Speck hits on one of the more well-known urban design tenets – that pedestrians enjoy a sense of enclosure and need it to feel comfortable. The trouble is, however, that the typical American urban experience is a profound lack of spatial enclosure, “a checkerboard city devoid of two-sided streets,” and that figural space (the public realm) is in a battle with the figural object of modernist architects.

Main Street
Planting street trees and creating a buffer between pedestrians, like along Main Street in Over-the-Rhine, Speck says is critical for success. Photograph by Randy Simes for UrbanCincy.

He goes on to state that tall buildings are not necessarily needed to create this enclosure, or density, and can actually be a detriment to downtown development.

Step 8: Plant trees
Trees can also create a cathedral-like enclosure over streets and have other environmental, health, safety and economic benefits. Street trees provide an obvious buffer between sidewalks and automobiles, though DOT’s and county engineers have seemingly chosen the safety of drivers over that of pedestrians by categorizing street trees as “fixed hazardous objects.”

Trees close to the roadway also capture CO2 and rain more effectively and should be part of the solution to combined sewer overflows.

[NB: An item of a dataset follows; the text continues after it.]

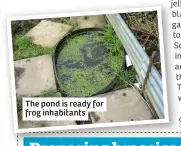  ??  ?? The pond is ready for frog inhabitant­s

The author goes on to mock how little it takes to achieve the Tree City USA designation, the return on investment trees can provide, and varying species block-by-block to guard against disease.

Step 9: Make friendly and unique faces
Pedestrians demand almost constant stimulation, and parking lots, windowless storefronts, and landscapes fail to do this. Where there is parking, surface lots can be hidden from view by mere one-story buildings, and parking structures should be hidden from view by liner buildings or at least have upper floors that appear to be inhabited.

Cities need active, open and lively building edges with transparent building facades and features that add depth such as awnings, deep window sills and columns. Facade geometries should also be oriented vertically and limited in width to provide the appearance of a shorter walk and building variety.

He is critical of modernist architect’s disinterest in pedestrian activity and singles out Frank Gehry, but goes on to bail modernism, but not brutalism, out by stating “what matters is not whether the details were crafted by a stone carver or a cold extruder, but whether they exist at all.”

Lastly, he reiterates that the greening of the city in an untraditional manner should be avoided as open spaces can encourage people to take walks, but do not cause people to embrace walking as a practical form of transportation.

Step 10: Pick your winners
Finally, Speck acknowledges there is a finite supply of financial resources to create walkability and therefore it should be spent where the most difference can be made- where there’s already an accommodating private realm with comfort and interest to support an improved public realm.

Speck then uses this logic to create his urban triage plan for walkability that steers financial resources to the identified network. He states that though it may not be viewed as equitable, that this plan should happen first in downtowns as they are shared places and are important to the city image and attracting investment.